See our latest analysis for L&K Engineering
L&K Engineering's Dividend Is Well Covered By Earnings
We aren't too impressed by dividend yields unless they can be sustained over time. Prior to this announcement, L&K Engineering's dividend was comfortably covered by both cash flow and earnings. This means that a large portion of its earnings are being retained to grow the business.
Looking forward, earnings per share could rise by 47.5% over the next year if the trend from the last few years continues. If the dividend continues on this path, the payout ratio could be 47% by next year, which we think can be pretty sustainable going forward.
Dividend Volatility
The company has a long dividend track record, but it doesn't look great with cuts in the past. Since 2014, the dividend has gone from NT$2.00 total annually to NT$9.00. This works out to be a compound annual growth rate (CAGR) of approximately 16% a year over that time. It is great to see strong growth in the dividend payments, but cuts are concerning as it may indicate the payout policy is too ambitious.
The Dividend Looks Likely To Grow
Given that the dividend has been cut in the past, we need to check if earnings are growing and if that might lead to stronger dividends in the future. L&K Engineering has seen EPS rising for the last five years, at 48% per annum. The company doesn't have any problems growing, despite returning a lot of capital to shareholders, which is a very nice combination for a dividend stock to have.
L&K Engineering Looks Like A Great Dividend Stock
In summary, it is always positive to see the dividend being increased, and we are particularly pleased with its overall sustainability. Earnings are easily covering distributions, and the company is generating plenty of cash.
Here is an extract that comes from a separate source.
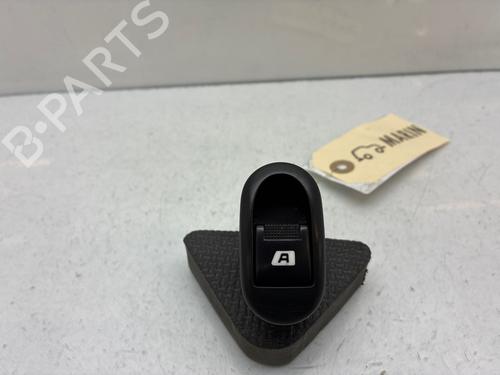 Used Left front window switch Left front window switch CITROËN C3 I (FC_, FN_) [2002-2013] 34409978 34409978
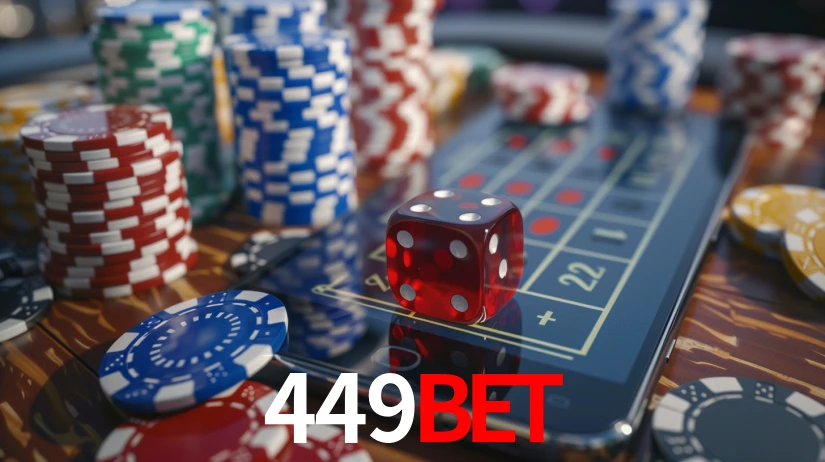 449 bet bonus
All in all, this checks a lot of the boxes we look for when choosing an income stock.
Market movements attest to how highly valued a consistent dividend policy is compared to one which is more unpredictable. However, there are other things to consider for investors when analysing stock performance. For example, we've picked out 3 warning signs for L&K Engineering that investors should know about before committing capital to this stock. Looking for more high-yielding dividend ideas? Try our collection of strong dividend payers.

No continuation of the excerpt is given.